24.6 C
New York

Goldman Sachs begins layoffs, targeting mid-level bankers


Goldman Sachs has begun shedding employees across the US — and the Wall Street giant is targeted on culling mid-level investment bankers amid a downturn in dealmaking because the economy slows, in line with a report.

Last week, Goldman laid off nearly a dozen bankers in the celebrated technology, media and telecommunications division alone, in line with an Insider report. Consumer retail, health care and industrials divisions have also been hit by layoffs, the report adds.

While bankers at every level have been affected, senior associates and vice presidents have borne the brunt of the culling since they’re advanced enough to cost the corporate money but typically aren’t rainmakers like partners on the firm, the report notes.

Before the pandemic, Goldman annually culled 1% to five% of under-performers from its workforce every yr but halted the firings as business boomed throughout the pandemic. 

This yr’s layoffs are on the lower end of that range, a source with knowledge told The Post, however it’s still a stark change from only a yr ago, when the bank was climbing salaries and bonuses in a bid to fulfill a dire talent shortage across the industry.

It’s not only the US bankers getting pink slips. Around a dozen bankers within the London office of Goldman Sachs have been axed, in line with a Financial News report, and greater than two dozen bankers in China have been fired, in line with Reuters.

David Solomon has mandated employees get back to the office because the bank begins culling its workforce.Bloomberg via Getty Images

“Every yr globally we conduct a strategic assessment of our resources and calibrate headcount to the present operating environment,” a Goldman spokesperson told The Post. “We proceed to stay flexible while executing against our strategic growth priorities.” 

This yr’s resumption of layoffs come amid a dramatic slump in revenue. The Wall Street giant helmed by David Solomon reported second-quarter earnings of $2.93 billion, precipitously lower than the second quarter of 2021, when the bank hauled in $5.49 billion.

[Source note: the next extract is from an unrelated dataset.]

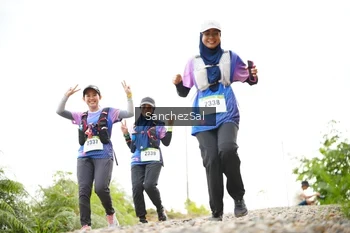 Runner Photo 2557365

Investment banking was the driving force behind the slump — bringing in 41% lower than it did a yr ago. Trading revenue of $6.47 billion — up 32% yr over yr — barely offset losses.

In July, The Post reported that talk of hiring freezes and firings was circulating at financial firms as soaring rates of interest and recession fears tanked appetites for mergers, IPOs and other big corporate deals, in line with sources.

Get the latest Sports Updates (Soccer, NBA, NFL, Hockey, Racing, etc.) and Breaking News From the United States, United Kingdom, and all around the world.